Join a laid-back, close-knit community of mixed interests Get a free account!

  1. Anime: Sakuga, What is It?


    #751482014-05-08 11:53:54 *Frey said:

    Hello, and welcome to this thread. Here, let's talk about anime, animation and sakuga.

    Contents:

    Intro

    You might be wondering, "What is sakuga?"

    Is it an anime(title)? No.

    Is it a character? No.

    ...a philosophy, theorem? No and No

    Ocomon tell me already! Okay...

    Sakuga or (作画) is translated as "drawing", "illustrations". But when we talk about anime sakuga, it is usually a scene or an episode of an anime...or just plain Animation.
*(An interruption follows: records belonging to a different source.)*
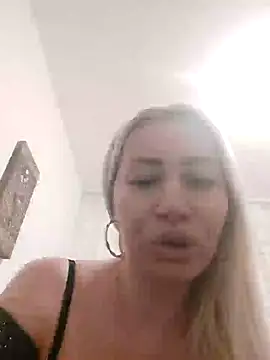 Snapshot of visnjica chatting on February 24, 2025, 10:25 pm visnjica online show from February 24, 2025, 10:25 pm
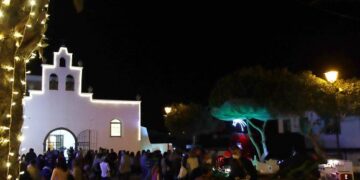 Tías Christmas light switch-on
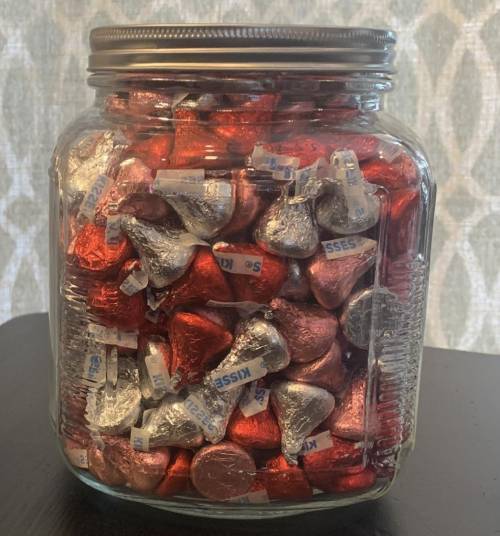 How many Hershey kisses are in this 128 oz mason jar. Please help, it’s for a school contest!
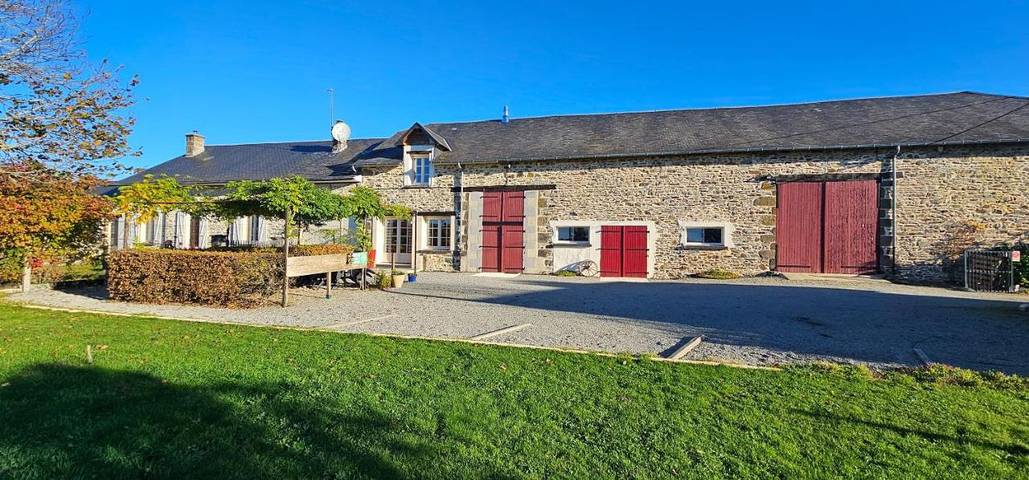 Location de vacances pour 2 personnes, avec terrasse ainsi que vue et jardin, animaux acceptés à La Croisille-sur-Briance - 2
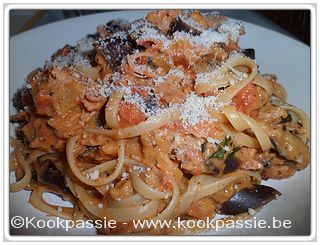 kookpassie.be - Penne - Penne aux aubergines, tomates fraîches, mozzarella et basilic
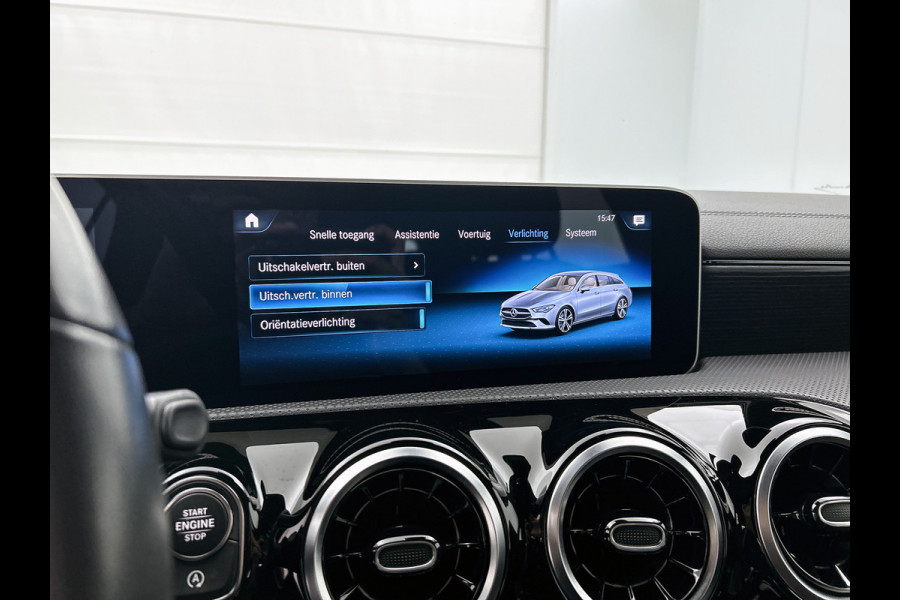 Mercedes-Benz CLA-Klasse Shooting Brake 200 Business Luxury | Lichtmetalen velgen | MBUX wide screen | Navigatie | Parkings support met camera achter | Inclusief 24 maanden Mercedes-Benz Certified garantie voor Europa.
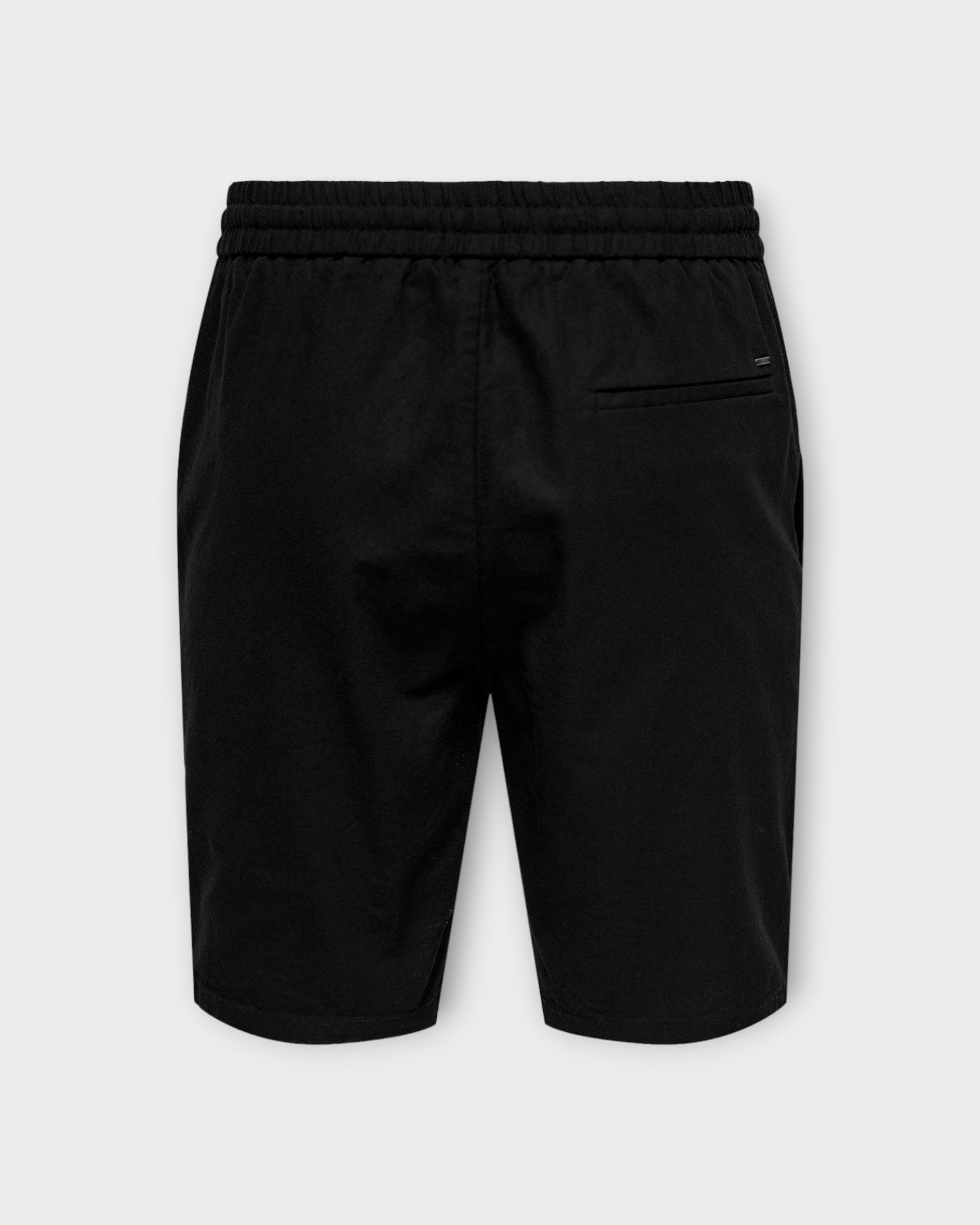 Linus 0007 Cot Lin Shorts Noos Black fra Only and Sons. Sorte hør shorts til mænd med elastik i livet. Her set bagfra.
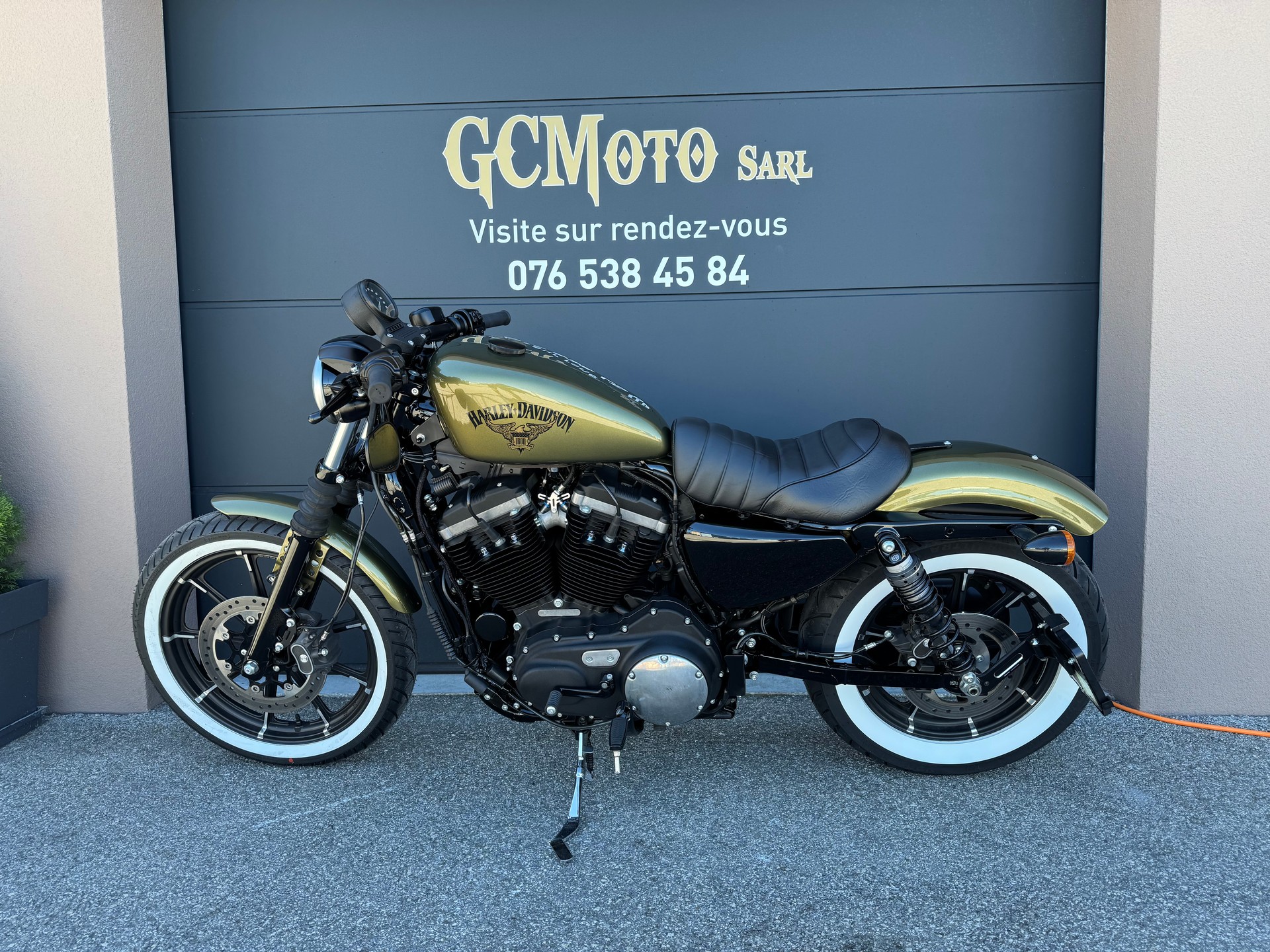 HARLEY-DAVIDSON XL 883 N Sportster Iron ABS (35kW Possible)-showroom-element-2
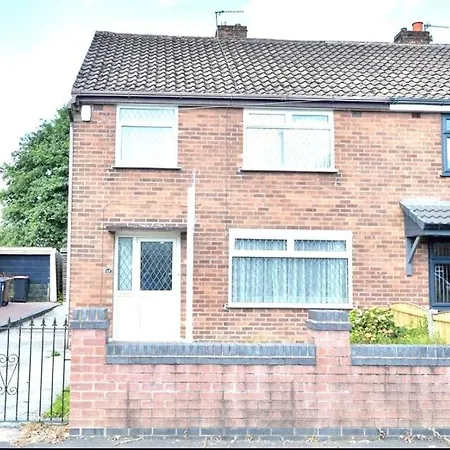 Spacious 3 Bedroom House - Sleeps 5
    So what's special about them?

    Well you see, in a production of an anime, series or movie, they tend to like go with a cheaper and a bit snappy, unlike Disney etc which is almost always fluid. This is because they, well, like to save money. An example of this budget cutting would be, the most common one: A still face while talking.

    But then, how does anime actually overcome this kind of problem? Surely you won't watch something with so static animation with like paper cut-outs moving around...

    (I'll try find some examples when I get around)

    So here comes sakuga. As I've said before it is a scene or an episode of an anime, which is, as you have probably guessed, done well. Sakuga are usually important scenes that needs to be emphasized, like fight scenes, this-is-where-you-cry scenes, high speed chase scenes explosion scenes, and many more. Now, how is it done well? Sakuga has 2 types

    A genga or key animation and douga or in-between animation.

    Let's talk about Key animations!

    Or genga. Key animations are made by key animators who, well, draw the key frames. (Hahaha) Key frames are frames that indicate a starting position to an ending position movement. I'll point it out here that more key frames is equal to a more precise movement (vectors) directions. Like it's more precise if a smoke goes up down forward down down disappear, than up forward up forward up forward down forward, whatever you probably get it. And a good key animation has good placement of key frames. That's a summary of it.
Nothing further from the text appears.